Picture 5 is what I'm assuming was the sun porch where my grandmother and her sisters slept.  The "boys" slept upstairs in their loft.  I'm not a great photog-gal, so sue me.


So, NaNo is humming along, sort of.  NaNo hums along but I'm not humming with it.  At this point, I've written two possible beginnings, the end of the story, and part of the middle, but Augustus still won't die and I'm getting a bit peeved.  Still, I take Terri's advice and just sit down and write. 

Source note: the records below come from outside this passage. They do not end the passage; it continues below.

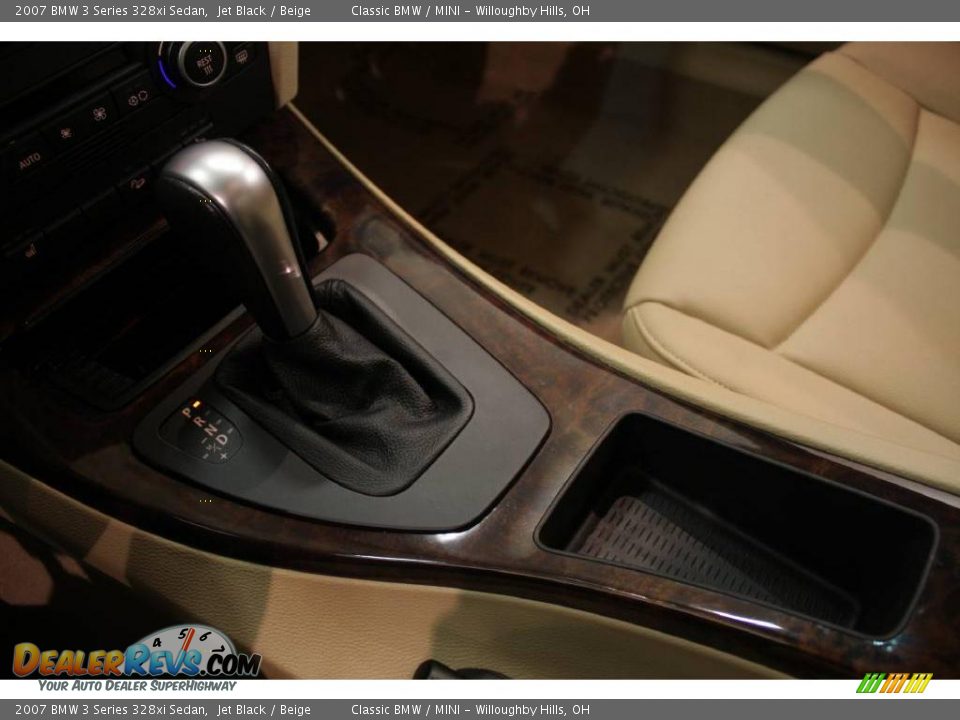 2007 BMW 3 Series 328xi Sedan Jet Black / Beige Photo #17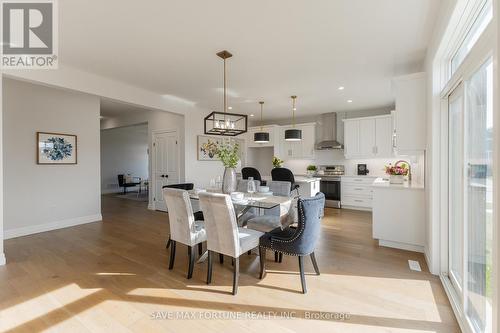2 Spruce Crescent, North Middlesex, ON - Indoor Photo Showing Dining Room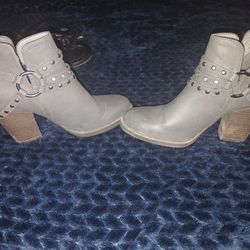 Boots Size 7 1/2 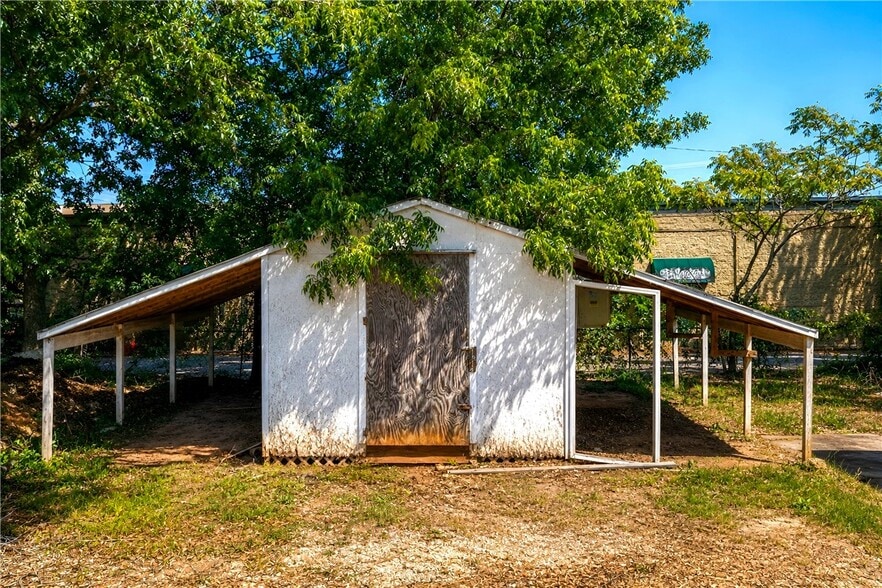 More Photos Of 1469 Blue Ridge Blvd, Seneca Carwash For Sale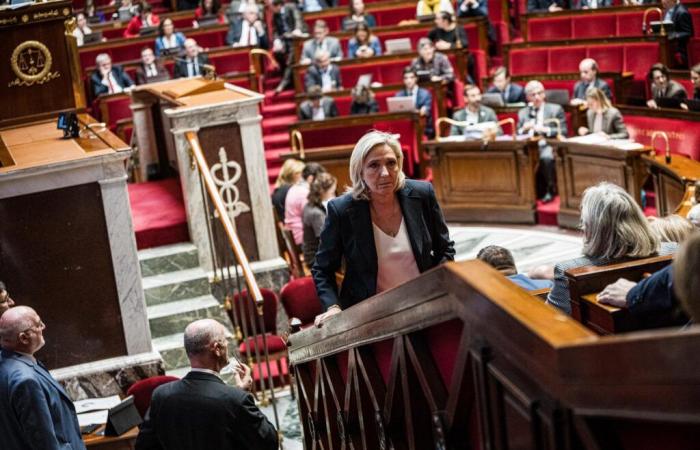 Marine Le Pen estime que le gouvernement « a mis fin à la discussion »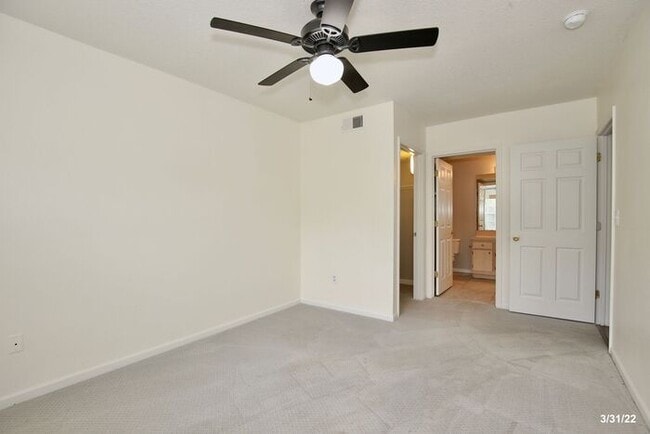 Building Photo - Beautiful 2/2 Condo Located in Crest at Wa...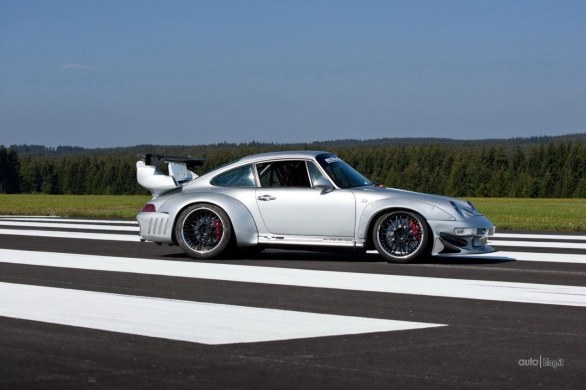 Mcchip Porsche 911 GT2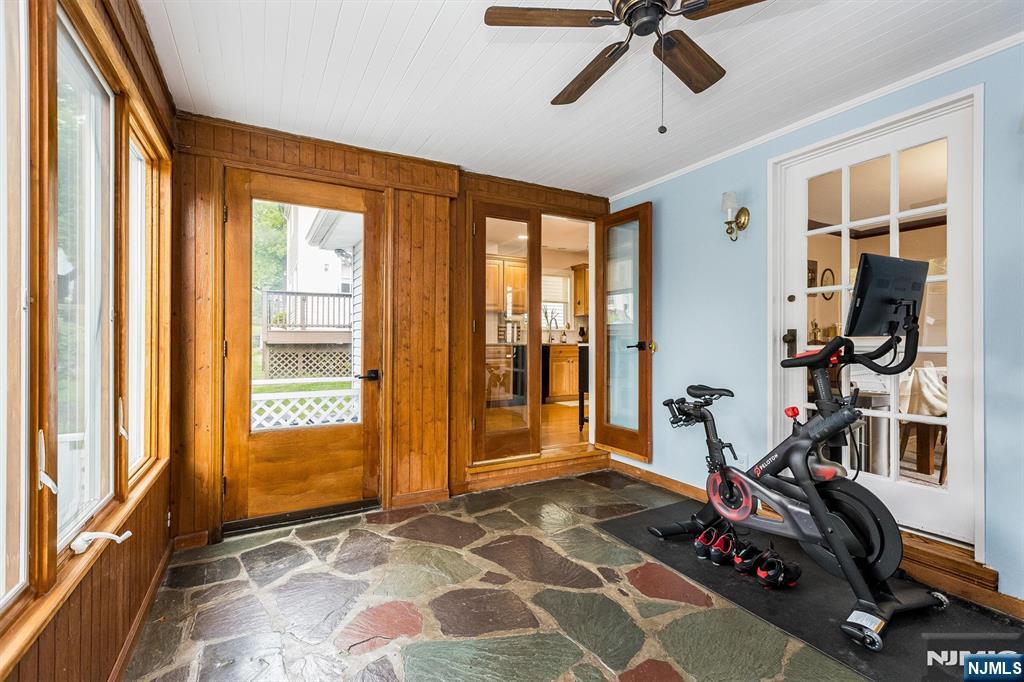24 Fairmount Terrace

Sarah has been really chugging along on it.  Yesterday was our half day off and we made cinnamon rolls and talked about all sorts of sciency and philosophical topics such as how yeast works and how cooking is an art but baking is a science, unless you're terribly proficient at which point it can become an art.  Yeah.  Anyway, while we were waiting for the dough to rise (twice), she was downstairs pounding away at her story.  When she had free time, she was pounding away at her story.  I'm going to have to work hard to keep up with her.  That and stop doing genealogy searches on Ancestry.com, although I am finding out lots of cool stuff and have even met a woman in Sweden who is sort of a distant cousin.  She's given me scads of information, which is too too cool.  Still, I need to focus on NaNo right now.  That's a good thing, right?  Life is either full or empty, there seems to be no in-between.

2 comments:

msta62 said...

Hello from the "Swedish woman"! I am having a great time reading my newly found "cousin's" blog!
It started to snow here yesterday -chaos - haven't put the snow tires on yet!
Have a great wednesday!

Leigh said...

That ancestry.com research is a major devotion of time. Every now and then I get sucked into ancestry research and while it's a lot of fun, my family goes without meals and clean clothes while I'm absorbed in research.